Sérieusement diminué par un accident cardio-vasculaire (AVC), le président gabonais Ali Bongo Ondimba a fait venir à ses côtés son fils Nourredin Bongo Valentin. Histoire de lui mettre le pied à l’étrier et de le préparer à prendre la relève pour assurer les arrières du clan Bongo Ondimba.
On n’est jamais mieux servi que par son fils ! Ali Bongo Ondimba, président de la république gabonaise, qui a appris cette sagesse de son père Omar Bongo Ondimba, se l’applique à son tour. L’ancien ministre de la défense de papa Bongo, devenu président de la république en 2009 au décès de celui-ci, a nommé en décembre 2019 son fils Nourredin Bongo Valentin, 29 ans, au poste de Coordinateur général des affaires présidentielles (CGAP).
Profil anglo-saxon
Diplômé en commerce et relations internationales en Grande Bretagne, le pays de cœur de sa mère Sylvia Bongo Ondimba, Noureddin Bongo se destinait plutôt aux affaires. A 22 ans à peine, il entre en 2014 chez le géant de l’agro-alimentaire singapourien Olam. Il y effectue une carrière fulgurante et devient directeur général adjoint de ce groupe qui a investi ces dernières années près de deux milliards de dollars au Gabon, pays dans lequel il est le premier employeur privé. En octobre 2018, un événement imprévu vient changer le destin de Noureddin : son père est victime d’un AVC à Ryad. Noureddin se tient en retrait, laissant sa mère Sylvia monter au charbon pour affronter les querelles d’ambitions de ceux qui rêvent alors de succéder à Ali Bongo Ondimba. Avec l’aide de son ami le Roi Mohamed VI, le président gabonais suit au Maroc puis au Gabon une longue et lente convalescence. De retour aux commandes de l’Etat, il prend soin d’écarter tous ceux qui avaient manifesté de manière ostentatoire leur volonté de s’installer dans son fauteuil. Mais, le président gabonais, conscient qu’il ne pourra plus gérer le Gabon comme avant, décide de s’appuyer sur son fils Noureddin. A en croire la version officielle, « le CGAP assiste le président dans la conduite de ses missions, veille à ce que ses directives soient bien exécutées et en assure le suivi ».
Des termes de référence de la fonction suffisamment vagues pour que Noureddin se transforme en une sorte de vice-président de la république avec les prérogatives mais sans le titre. Il écrit directement à des ministres pour leur donner des ordres, sans passer par la Première ministre Rose Christiane Ossouka Raponda ; il coordonne la task force sur la dette intérieure, prend le leadership du Plan triennal d’accélération de la transformation (PAT, 2021-2023).
Mise à mort des rivaux
A la présidence de la république, sur le bord de mer à Libreville, Noureddin joue sa propre carte tout en servant son père.
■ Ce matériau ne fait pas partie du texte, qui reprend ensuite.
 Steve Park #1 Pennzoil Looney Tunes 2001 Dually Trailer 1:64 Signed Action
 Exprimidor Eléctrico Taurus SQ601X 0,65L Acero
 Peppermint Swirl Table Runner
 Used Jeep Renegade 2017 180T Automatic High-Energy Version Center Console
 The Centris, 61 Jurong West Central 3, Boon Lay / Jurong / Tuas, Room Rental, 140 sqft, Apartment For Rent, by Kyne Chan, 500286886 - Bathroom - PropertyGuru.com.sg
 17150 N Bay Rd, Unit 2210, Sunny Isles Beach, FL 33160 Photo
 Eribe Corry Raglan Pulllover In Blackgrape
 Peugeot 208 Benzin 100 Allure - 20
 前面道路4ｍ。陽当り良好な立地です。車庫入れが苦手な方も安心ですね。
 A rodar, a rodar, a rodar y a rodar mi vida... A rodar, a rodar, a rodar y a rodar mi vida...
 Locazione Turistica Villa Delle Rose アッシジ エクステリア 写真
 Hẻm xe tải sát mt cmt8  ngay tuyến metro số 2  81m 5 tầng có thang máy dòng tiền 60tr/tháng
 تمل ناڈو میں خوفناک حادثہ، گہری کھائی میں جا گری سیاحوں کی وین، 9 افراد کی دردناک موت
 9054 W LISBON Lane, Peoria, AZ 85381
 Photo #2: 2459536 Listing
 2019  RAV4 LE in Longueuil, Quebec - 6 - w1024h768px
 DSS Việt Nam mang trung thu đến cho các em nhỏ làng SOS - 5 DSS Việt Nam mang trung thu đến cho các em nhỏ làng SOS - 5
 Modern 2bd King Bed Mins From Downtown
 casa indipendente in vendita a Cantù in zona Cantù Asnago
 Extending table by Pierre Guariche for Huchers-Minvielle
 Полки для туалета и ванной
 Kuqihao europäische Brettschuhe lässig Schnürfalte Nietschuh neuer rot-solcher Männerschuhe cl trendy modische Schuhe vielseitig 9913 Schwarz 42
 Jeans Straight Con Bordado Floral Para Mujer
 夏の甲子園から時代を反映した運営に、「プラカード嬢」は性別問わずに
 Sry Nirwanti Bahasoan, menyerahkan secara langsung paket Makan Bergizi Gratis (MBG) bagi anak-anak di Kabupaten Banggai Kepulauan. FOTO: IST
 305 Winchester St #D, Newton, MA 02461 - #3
Il s’entoure des fidèles parmi les fidèles: Ghislain Ngoulou comme directeur de cabinet ; Max-Samuel Oboumadjogo communicant, Laetitia Yuinang conseiller juridique. Ensemble, ils définissent les différentes étapes de la longue marche de Noureddin vers le pouvoir.
Une ascension qui passe, notamment, par la mise à mort des rivaux potentiels du fils prodige. À la faveur d’une campagne de lutte contre la corruption, plusieurs hauts fonctionnaires susceptibles de faire de l’ombre à Noureddin, dont Bruce Laccruche Alihanga, le principal collaborateur de son père (1), ont été jetés en prison. Sauf miracle, ils sont définitivement neutralisés de la course au fauteuil présidentiel.
La face cachée de Noureddin Bongo Valentin est celle d’un tueur sans état d’âme qui n’hésite pas à placer ses rivaux en prison
Cette opération a révélé aux Gabonais une face cachée de Noureddin Bongo Valentin : un tueur sans état d’âme. Profitant de l’espace libéré par la mise à mort politique de ses rivaux, sous le regard bienveillant de sa mère Sylvia, l’héritier du clan Bongo tisse sa toile, particulièrement, dans la haute administration. Il a ainsi placé Boris Atchougou à la direction générale des douanes gabonaises, Gabin Otha Ndoumba à la tête de direction générale des Impôts. Dans le même temps, il entre au bureau politique du Parti démocratique gabonais (PDG, pouvoir) pour mieux utiliser les réseaux de son père. Outre les qualités de son fils, Ali Bongo Ondimba a sorti un argument massue, dans un entretien à la presse, pour justifier son souhait de voir son fils reprendre le flambeau : « Noureddin, a-t-il dit, a également une vision affirmée du développement du Gabon à long terme ».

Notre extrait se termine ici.